Kansas University undergraduate Julie Harris wants to go to war against the university's archaic advising system.
"I had advisers tell me to take certain classes in areas that I already had requirements fulfilled," said Harris, a sociology student from Shawnee. "Students need good advising from the very beginning."
David Shulenburger, vice chancellor for academic affairs, will take a shot at improving academic advising at KU and a myriad of other problems that tarnish undergraduate education.
He plans to appoint a blue-ribbon committee this semester to study ways to improve the experience of freshman and sophomore students.
"As decentralized as this campus is, in making an assessment of the experience, it is easy to lose students," Shulenburger said.
He said the committee likely will issue a report next summer that helps set the undergraduate agenda.
In the interim, KU faculty and students offered ideas for making the university experience for undergraduates more rewarding.
Robert Antonio, Chancellor's Club teaching professor of sociology, said the committee must build upon KU's instructional base.
"There already is a lot of dedication to teaching that you don't find at other major universities," he said. "I'm not trying to say there aren't problems here and that the system can't be improved."
Elizabeth Schultz, a Chancellor's Club teaching professor in English, said the university should focus on developing interdisciplinary, multicultural courses. The classes would examine "mega-issues" affecting the world -- health, environment, population, peace.

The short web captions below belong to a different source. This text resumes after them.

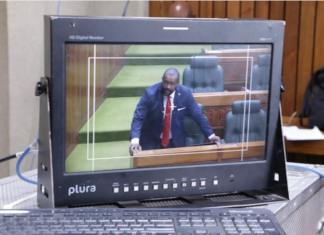 A PNG Parliament press gallery monitor shows Opposition Leader James Nomane speaking during debate following the tabling of the Bougainville referendum result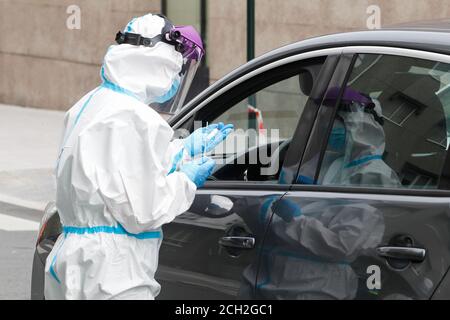A Coruna-Spain -August 18, 2020: Ein Mitarbeiter im Gesundheitswesen verwendet einen PCR-Test (Mund- und Nasenabstrich) auf eine Person in einem Auto, um die Anwesenheit oder Abwesenheit zu bestimmen Stockfoto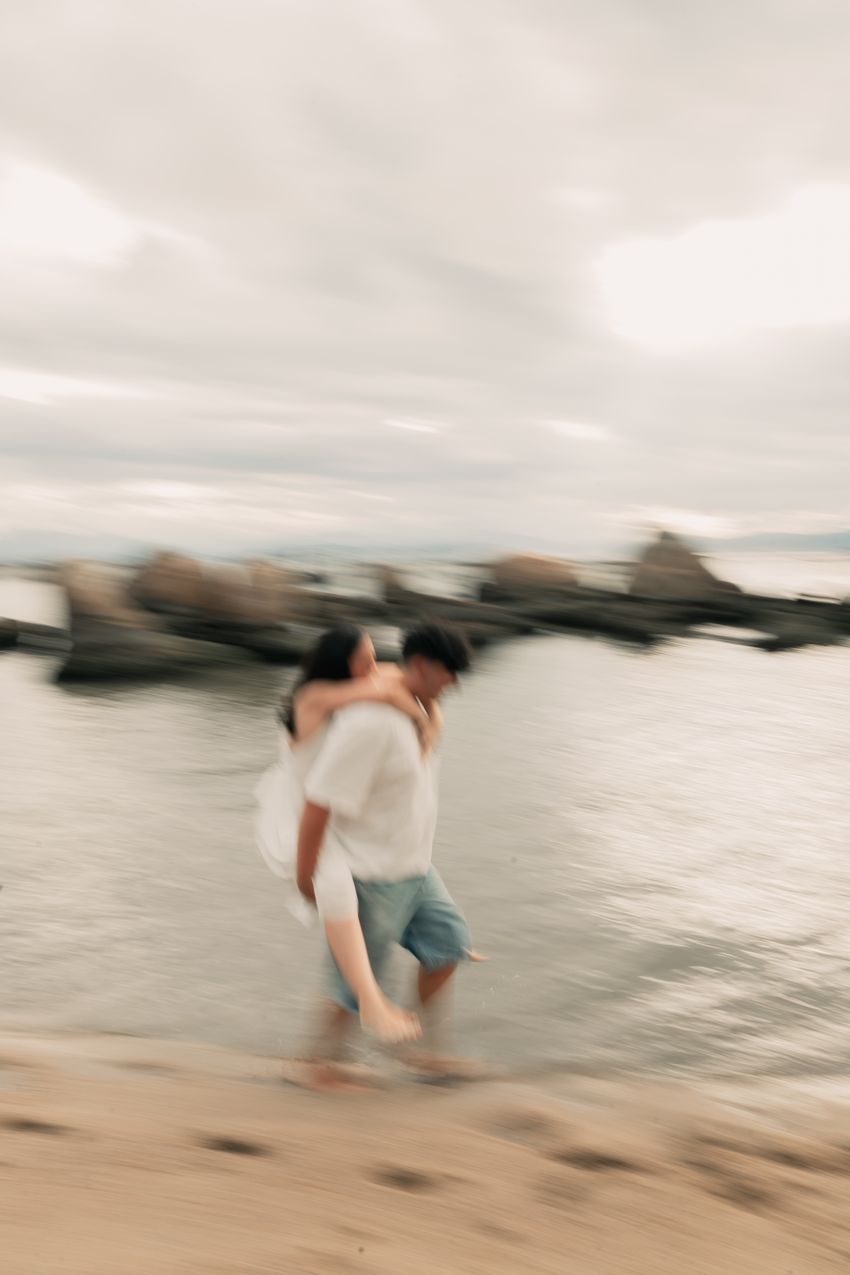 A couple sharing a piggyback ride beside the sea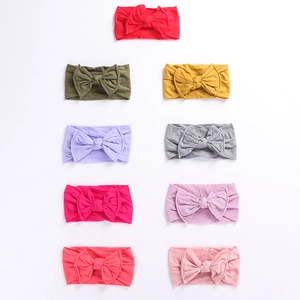 Set of nine colorful soft elastic baby headbands with large ribbed fabric bows
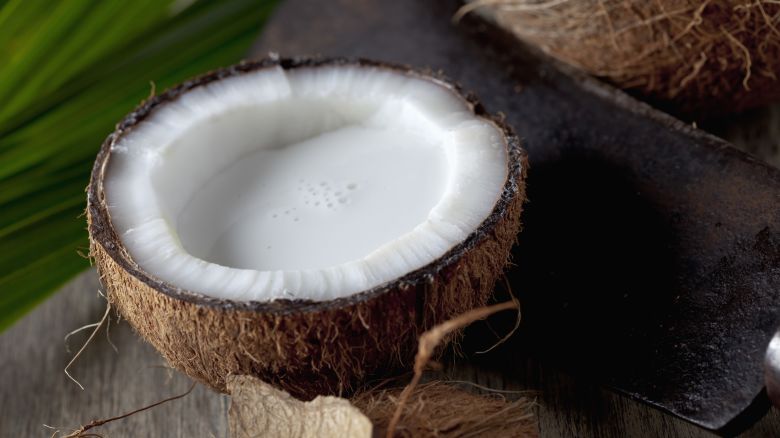 half-coconut-with-coconut-milk-inside-with-sickle.jpg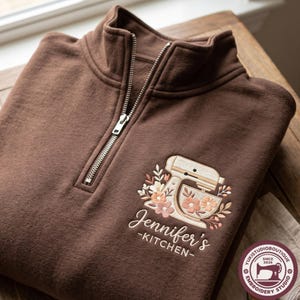 Könnte beinhalten: Ein dunkelbraunes Sweatshirt mit kurzem Reißverschluss und einer Stickerei, die einen Standmixer umgeben von Blumen zeigt. Unter dem Mixer steht der Text "Jennifer's KITCHEN" in weißer Schreib- und Blockschrift. Der Kragen hat einen Reißverschluss.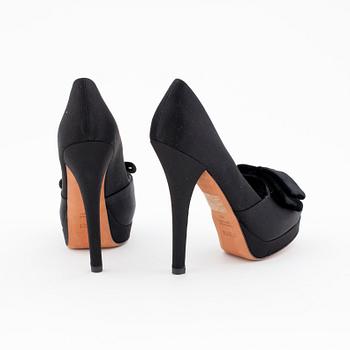 FENDI, a pair of black satin pumps.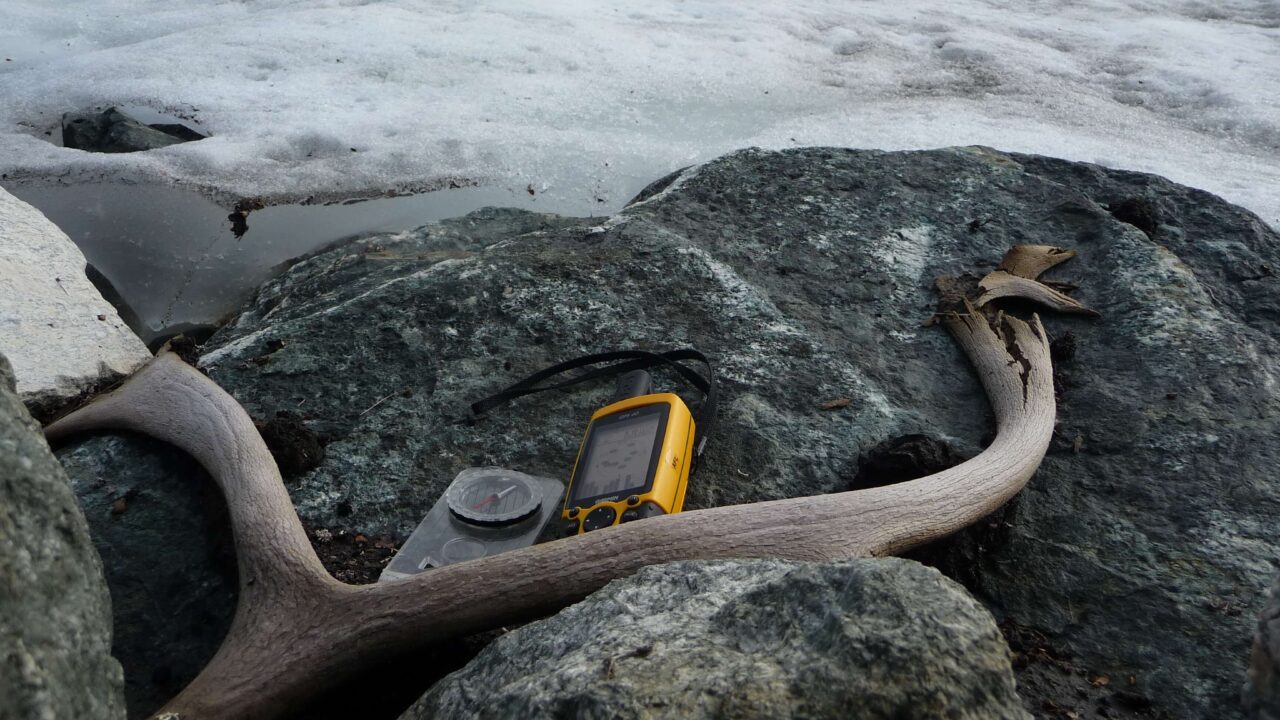 Gammalt, sönderfallande renhorn ligger på en sten tillsammans med en kompass och en GPS.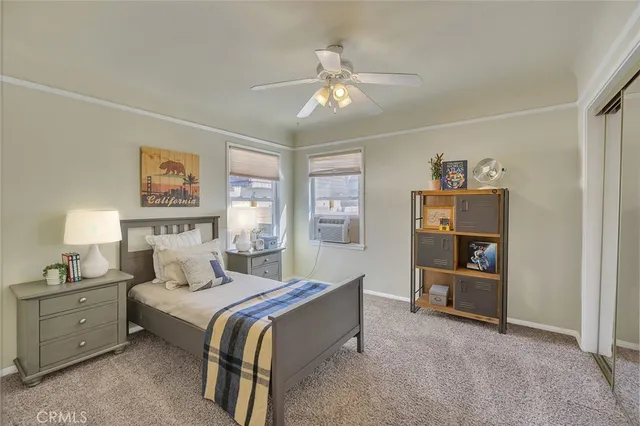 a spacious bedroom with a bed and a chandelier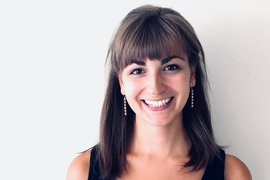 Portrait photo of Sophie Gibert against a white wall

She said KU officials need to break down traditional departmental barriers in the undergraduate curriculum.
"As one committed to the development of new perspectives, I think it very important that we hire faculty who are trained to look across disciplines," she said.
David Ambler, vice chancellor for student affairs, said he will be on Shulenburger's committee. He wants to focus on non-classroom aspects of undergraduate life.
"Success in the undergraduate level is affected more often by non-academic factors than it is intellectual capacity or scholarly ability," he said.
Ambler said research indicates students who succeed in college often work part time while in school, live in organized housing and participate in extracurricular activities.
Programs could link these traits, he said. For example, students with a common academic interest could be brought together in one residence hall.
"Would the engineering school want a floor or two of a residence hall exclusively for engineering students?" Ambler asked.
Dennis Brown, assistant dean for undergraduate studies in the School of Fine Arts, said students need stronger academic relationships with full-time faculty.
Young students could benefit from seminar courses that combine teaching, mentoring, and academic and career advising, Brown said.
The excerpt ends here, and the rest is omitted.